What to do – Transcribe exactly, and only, the lines running from the one that contains "Velvet Chair with" through the last line of the material. No pictures.
=== Section Start ===
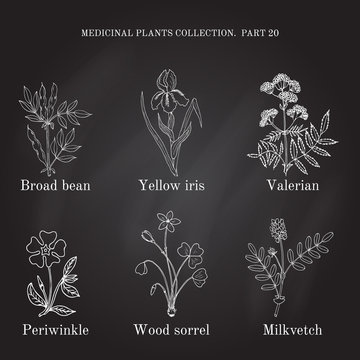 Vintage Collection Of Hand Drawn Medical Herbs And Plants, Broad Bean, Yellow Iris, Valerian, Periwinkle, Wood Sorrel, Milkvetch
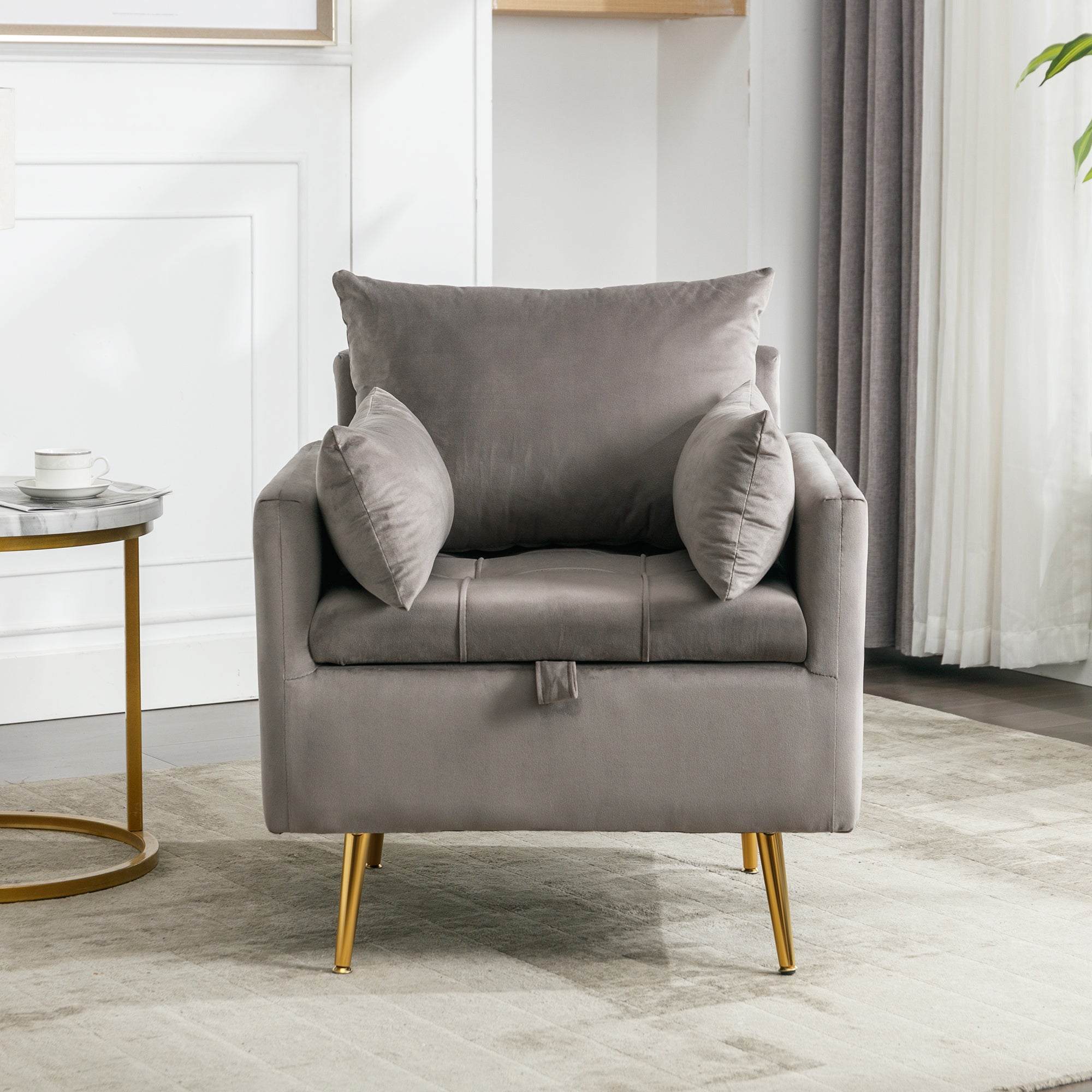 Velvet Chair with Storage, Cushion, and Golden Metal Legs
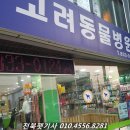 펫택시 이미지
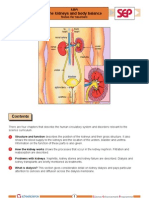 Kidneys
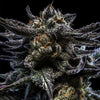 Ripper Seeds - ZOMBIE KUSH - Automatic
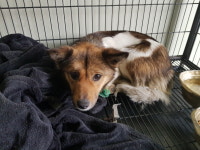 경기 남양주 창현로 57에서 삼색 강아지 발견 보호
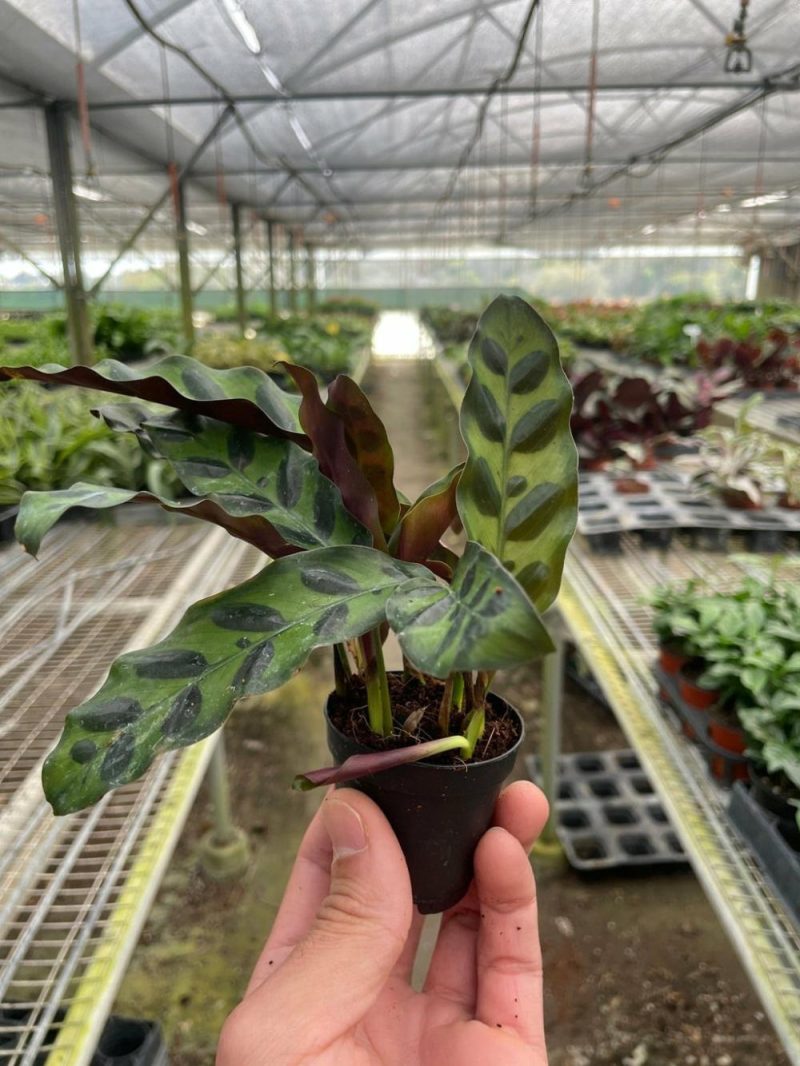 Plants | Calathea Lancifolia ‘Rattlesnake’ Plants Plants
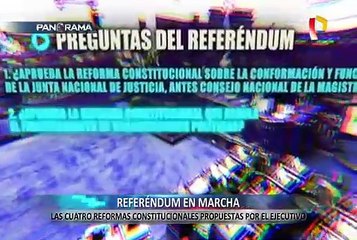 Referéndum en marcha: las cuatro reformas constitucionales propuestas por el Ejecutivo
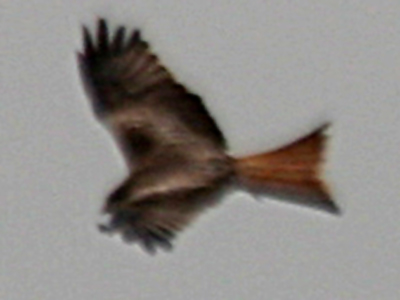 Red Kite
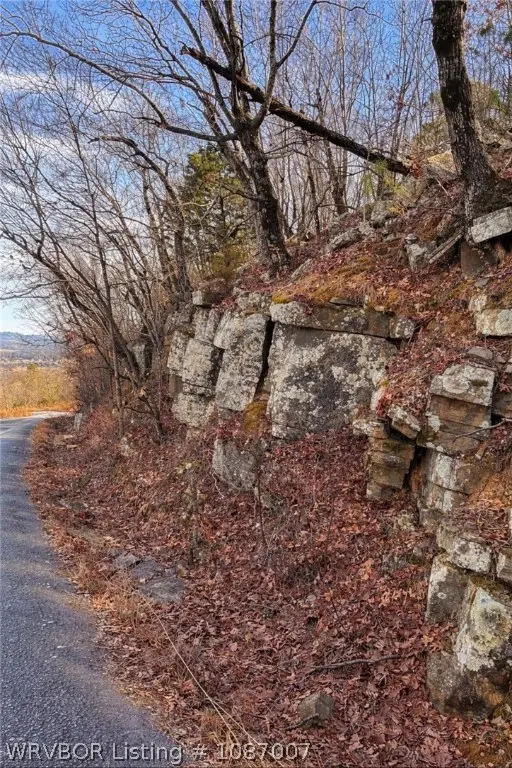 TBD Witteville Drive, Poteau, OK 74953 - #2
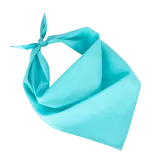 Calypso Blue
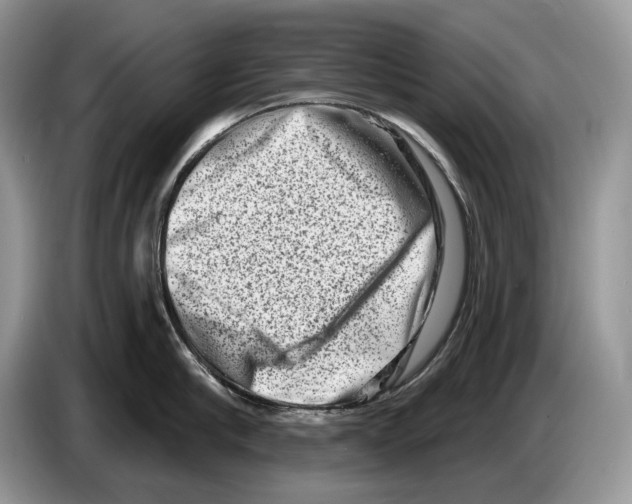 X0000086270910200704262013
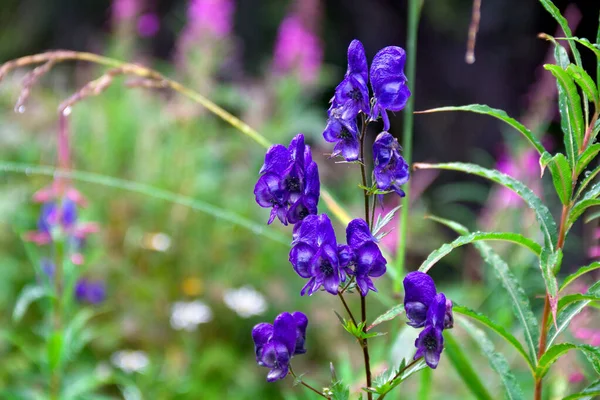 Violette Blauwe Bloemen Aconitum Aconiet Monnikskap Wolvenbanaan Luipaardbanaan Muisbanaan Koningin — Stockfoto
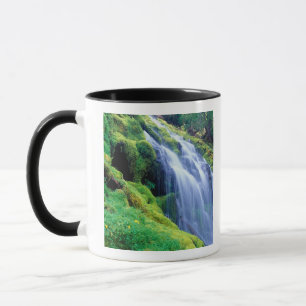 Taza Cascadas Proxy en las Cascadas centrales de Oregón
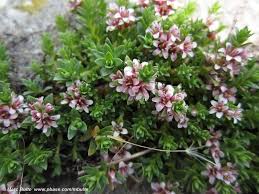 Attēlu rezultāti vaicājumam “Glaux maritima flower”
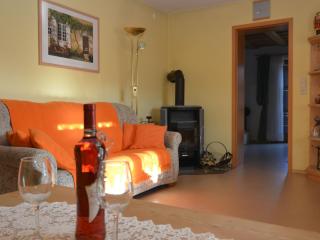Apartment in the Bavarian Forest with sauna - Drachselsried - 8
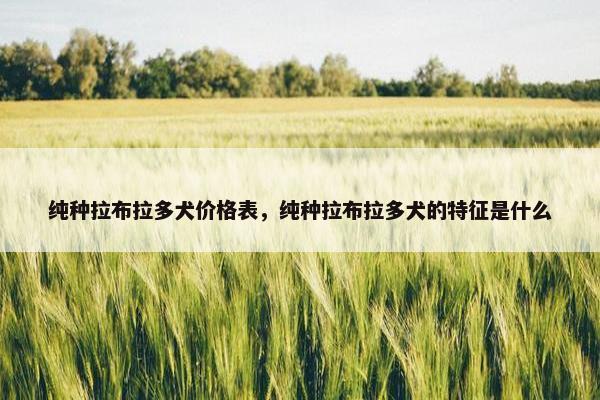 纯种拉布拉多犬价格表，纯种拉布拉多犬的特征是什么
=== Section End ===
Answer –
 Velvet Chair with Storage, Cushion, and Golden Metal Legs
 펫택시 이미지
 Kidneys
 Ripper Seeds - ZOMBIE KUSH - Automatic
 경기 남양주 창현로 57에서 삼색 강아지 발견 보호
 Plants | Calathea Lancifolia ‘Rattlesnake’ Plants Plants
 Referéndum en marcha: las cuatro reformas constitucionales propuestas por el Ejecutivo
 Red Kite
 TBD Witteville Drive, Poteau, OK 74953 - #2
 Calypso Blue
 X0000086270910200704262013
 Violette Blauwe Bloemen Aconitum Aconiet Monnikskap Wolvenbanaan Luipaardbanaan Muisbanaan Koningin — Stockfoto
 Taza Cascadas Proxy en las Cascadas centrales de Oregón
 Attēlu rezultāti vaicājumam “Glaux maritima flower”
Apartment in the Bavarian Forest with sauna - Drachselsried - 8
 纯种拉布拉多犬价格表，纯种拉布拉多犬的特征是什么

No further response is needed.